The Murray announcement followed an unusual day of last-minute proposals, including a plan to refer the whole matter to Canada's Supreme Court, which would have delayed a resolution of the matter for as much as six months. Tonight was to have been the deadline for all provinces to approve the accord.

"(Newfoundland) Premier (Clyde) Wells' decision to break his commitment and not hold a vote . . . has dashed the one remaining hope to have Meech Lake succeed," Murray said.

June 9, at the end of an unprecedented week-long meeting between Mulroney and his provincial counterparts, 9, Wells, Manitoba Premier Gary Filmon and New Brunswick Premier Frank McKenna had agreed to introduce the accord and a companion resolution in their provincial legislatures. It passed in New Brunswick, but ran into procedural trouble in Manitoba. Wells had planned a vote Friday in the Newfoundland legislature, but changed his
mind after Murray held out a chance that today's deadline could be extended.

Friday afternoon Murray said the federal government would refer the deadline to the Supreme Court once the measure passed in Newfoundland. Under the constitution, an amendment must pass within three years after passage by the first legislature. Quebec adopted the Meech Lake accord June 23, 1987. A delay presumably would have allowed Manitoba to resolve the procedural problems and pass the accord.

But Wells argued that if the deadline could be extended for Manitoba, it also should be extended for Newfoundland and adjourned Newfoundland's legislature without a vote.

Shortly afterward, Murray emerged from a four-hour Cabinet meeting in Ottawa and declared that Meech Lake was dead.

The accord, written in May and June 1987, was designed to entice Quebec to sign Canada's constitution. It would have recognized the mostly French-speaking province as a distinct society and transferred some powers from the federal government to the provinces. After Mulroney and his 10 provincial counterparts agreed to the accord in 1987, three provincial governments changed hands and opposed the accord.

Under pressure from the federal government, New Brunswick passed the accord, and Manitoba's political leaders had agreed to support it. But attempts to push it through the legislature were thwarted by Elijah Harper, an Indian who demanded that the accord also recognize Indians as a distinct society.

In Quebec City Friday night, Quebec Premier Robert Bourassa conceded that the accord was dead.

"On the political level, we have to note that the Meech Lake accord has not been ratified. The resolution of Quebec that was adopted three years ago no longer has any legal existence," he said.

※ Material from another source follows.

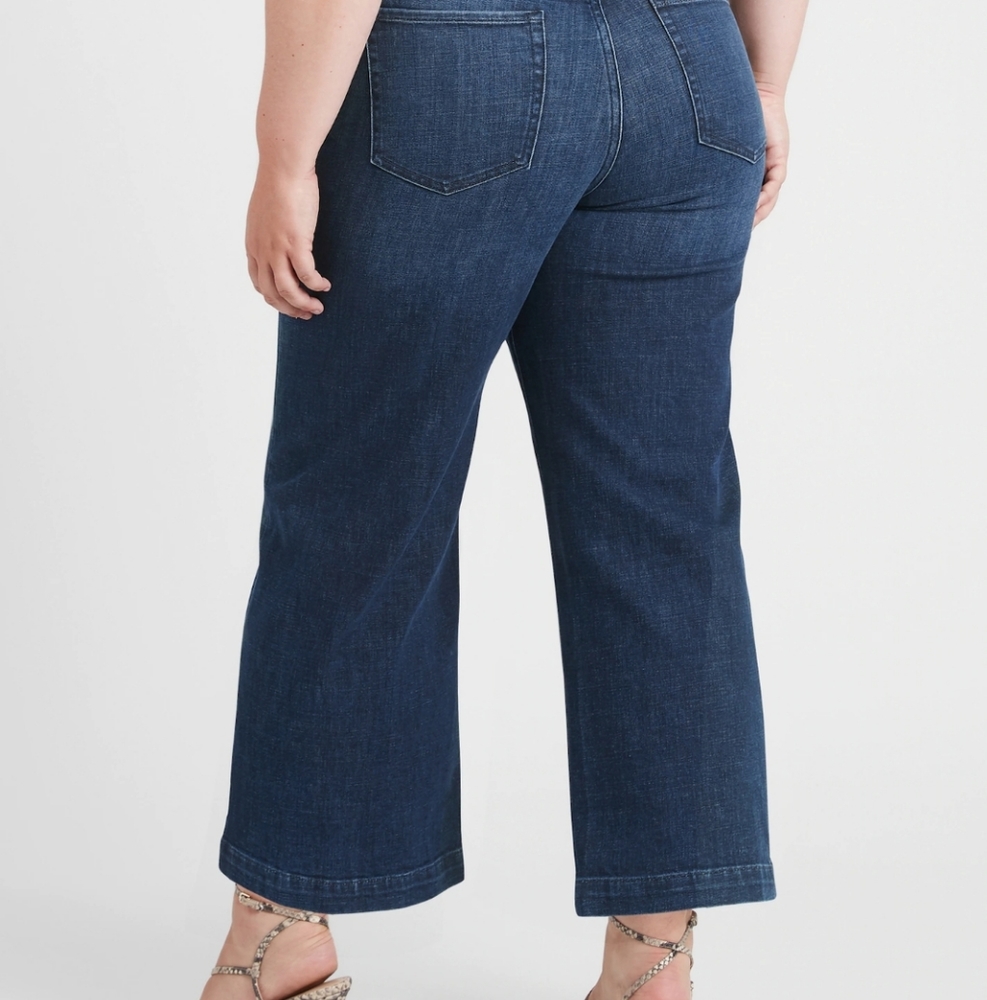 Banana Republic - Picture 2 of 2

Fears have arisen that Quebec would push for separation from Canada if the accord failed. In a recent poll, 57 percent of Quebeckers support a sovereignty association with the rest of Canada, similar to the relations among countries in the European Community.

"English Canada must clearly understand," Bourassa warned. "Quebec is today and forever a distinct society capable of assuming its own development and destiny."

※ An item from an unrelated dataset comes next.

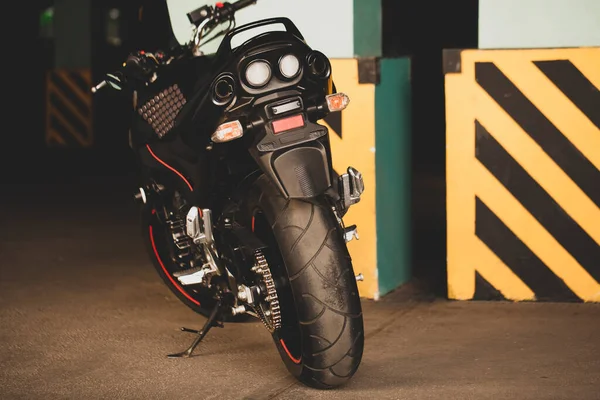 Черный Мотоцикл Фоне Подземного Паркинга — стоковое фото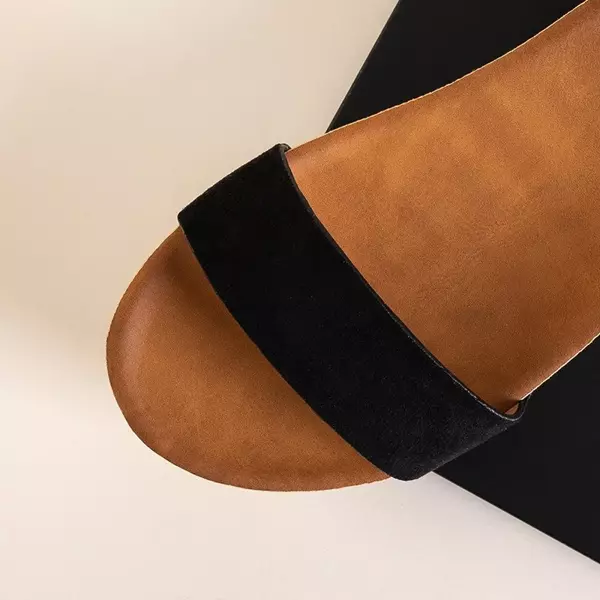OUTLET Czarne sandały damskie na niskim koturnie Akiko - Obuwie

Wells, who stressed that questioning the accord should never be considered anti-Quebec or anti-French, said the principles should provide the basis for beginning negotiations again.

"The legitimate concerns (of Quebec) have not been properly and appropriately met, so let's not just give up," he said.

Wells, in an angry speech to the Newfoundland House of Assembly, accused the federal government of manipulating the Meech Lake debate and putting pressure on Newfoundland to approve the accord.

"We're not prepared to be manipulated any longer," Wells said. "We're not prepared to sell our souls."

The failure to approve the accord raises unsettling questions about the nation's political and economic stability.

Although Quebec sovereignty will not come quickly -- if at all -- Mulroney predicted the effect of Meech Lake's demise will be national political turmoil, cutting the value of the Canadian dollar, increasing interest rates, discouraging foreign investment and weakening consumer confidence.

Audrey McLaughlin, the leader of the New Democratic Party, said she is worried about the future of the country and said Mulroney should "seriously consider" stepping down.